Ruefle’s poems, often one-block stanzas, exist as solid pieces of an entire structure working toward the ideal of fable, but they never quite impart the experience or any lesson which is a defining trait of the classical morality tale—nor does Ruefle intend them to. If we were to call her poems fables, we would do so in positing that they are fables not broken by modernity but wary of singular direction or consequence because of it: they hinge on the strain of a surplus of image, ultimately receding into either a large and unknown or a small and obscure entity as they finish. Ruefle shuns the desire for an epiphanic conclusion, resisting our preconceptions informed by the fable archetype in order to avoid any glimmer of moralizing. We find this in the final lines of “The Beautiful is Negative,” for instance (“Or crickets scraping away / when words fail you”) and in “Depicted on a Screen” (“I know this world up and leaves / on a lacquered palanquin, / taking with it a splendour / I won’t see again.”), where Ruefle offers a portrait of something vital disappeared, changed beyond recognition.
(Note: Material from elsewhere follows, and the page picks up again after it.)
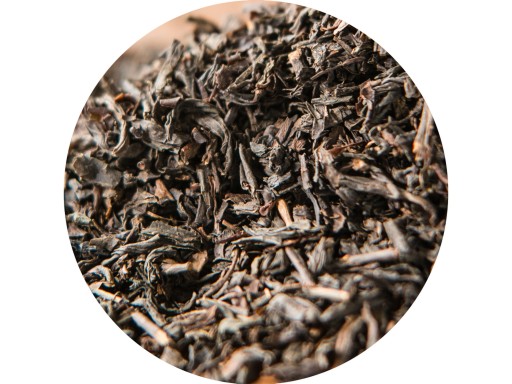 LAPSANG SOUCHONG Prémiový údený čaj 50g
This resistance to moralizing constitutes her poems’ successes, as we find in “Lullaby”:
My inability to express myself
is astounding. It is not curious or
even faintly interesting, but like
some fathomless sum, a number,
a number the sum of equally fathomless
numbers, each one the sole representative
of an ever-ripening infinity
that will never reach the weight
required by the sun to fall.
Reaching toward knowledge or epiphany—and falling short—is perhaps Ruefle’s comment on the inadequacy of morality forms in a modern context. In Aesop’s fables, promises and warnings are inevitable consequences of certain behaviors. With images stimulating seemingly endless thoughts and tangents for possible thought, Ruefle’s poetry faces us with an almost existential idea of the moral, an inevitability of behavior without prescribed consequence. What will happen will happen—often absurdly, whether we behave ourselves or not. Behavior itself—of animals, of humans, of relationships, of words—unravels in her poems toward something absurd or obscured, bleak and metaphysical. These poems are fables as replications of life—broad and three-dimensional, curated. They misbehave and carry forth with abandon.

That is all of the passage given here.